Ruth Reinhardt conductor
Eva Gevorgyan piano
New Jersey Symphony

Béla Bartók Romanian Folk Dances
         I. Jocul cu bâta (“Stick Dance”)
         II. Brâul (“Sash Dance”)
         III. Pe loc (“Stamping Dance” or “On the Spot”)
         IV. Buciumeana (“Hornpipe Dance”)
         V. Poarga româneasca (“Romanian Polka”)
         VI. Maruntel (“Quick Dance”)

Frédéric Chopin Concerto No. 2 in F Minor for Piano and Orchestra, Op. 21
         I. Allegro con brio
         II. Andante con moto
         III. Allegro
         IV. Allegro

Intermission

Béla Bartók Concerto for Orchestra
         I. Introduzione: Andante non troppo – Allegro vivace
         II. Giuocco delle coppie: Allegretto scherzando
         III. Elegia: Andante non troppo
         IV. Intermezzo interrotto: Allegretto
         V. Finale: Pesante – Presto 9

Béla Bartók: Romanian Folk Dances

Beginning in 1904, Bartók undertook multiple research projects in Eastern Europe’s remote mountain villages. Listening to folk songs and peasant dance tunes, he notated them on music paper, discovering an unimagined wealth of material preserved by meticulous oral tradition. Romanian peasant music exerted a particular fascination for him. In 1909, he began to learn Romanian and collected some 3,500 examples of Romanian folk music. Inevitably this rich assemblage of material worked its way into his own compositions.

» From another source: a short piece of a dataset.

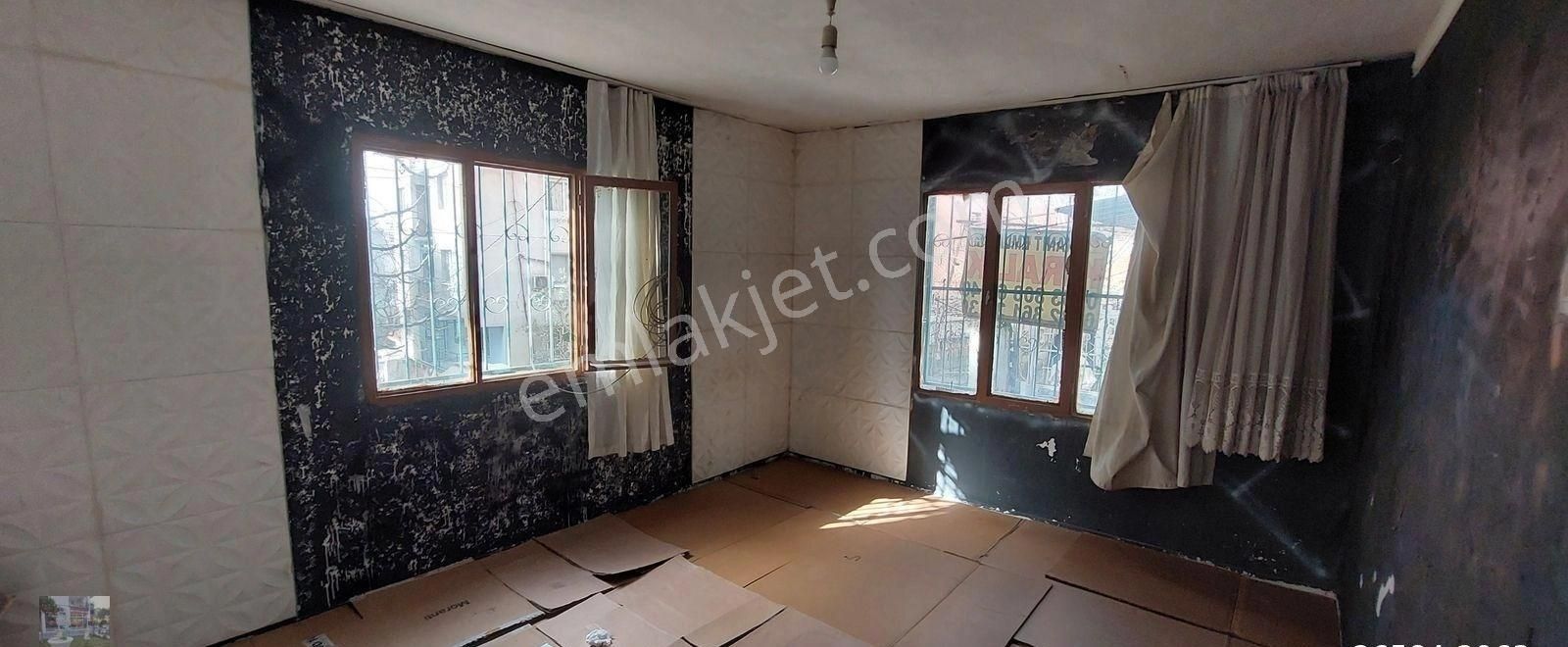 Bayraklı Gümüşpala Aile Hekimliği Altında Kiralık 1+1 Daire Kan - Görsel 23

Bartók transcribed these dances for orchestra in 1917. They are an exuberant collection of miniatures, celebrating the vigorous rhythms and haunting modal harmonies of eastern Europe. Augmented seconds and violin harmonics in the “Sash Dance” lend it a dreamy quality. Minuet rhythm provides unexpected Western grace to the “Hornpipe Dance” and metric shifts between triple and duple time hold our attention in the fifth dance, “Romanian Polka.” The set concludes with an energetic, dizzying “Quick Dance.”

Frédéric Chopin: Piano Concerto No. 2 in F Minor, Op. 21

Chopin's apprenticeship period took place in his late teens and early 20s, before he left Poland permanently. The F-minor concerto was actually his first concerto, but it was published after the E-minor concerto, Op.11, hence the higher opus number.

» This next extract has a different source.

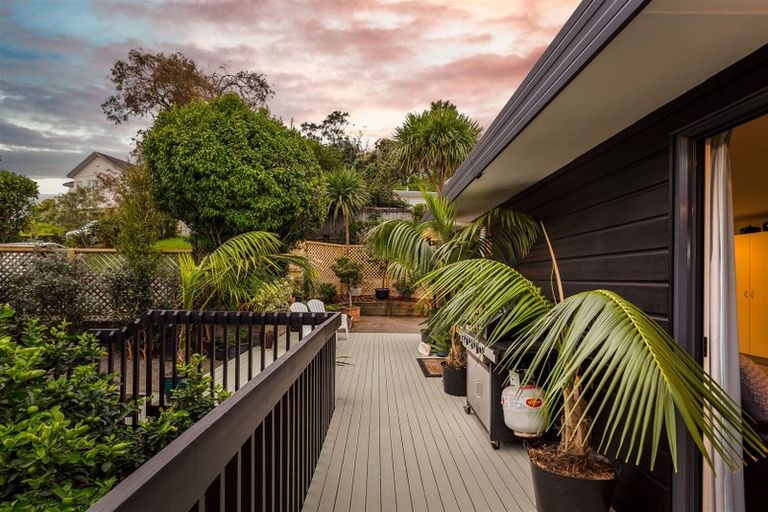 Photo of property in 2/28 Stephanie Close, Glenfield, Auckland, 0629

Conversational and adversarial balance between orchestra and piano does not exist in the Chopin concerti. Taking Hummel rather than Mozart as his model, Chopin wrote an accompanied solo rather than concerted discussion. Everything is geared to highlight the pianist’s technical virtuosity, beautiful tone, and expressive capability. The mood of the music changes rapidly, showing every face that the composer has, from warrior to poet. But these transformations are never at the expense of continuity, and Chopin sustains a convincing forward drive in spite of his unconventional approach to sonata form.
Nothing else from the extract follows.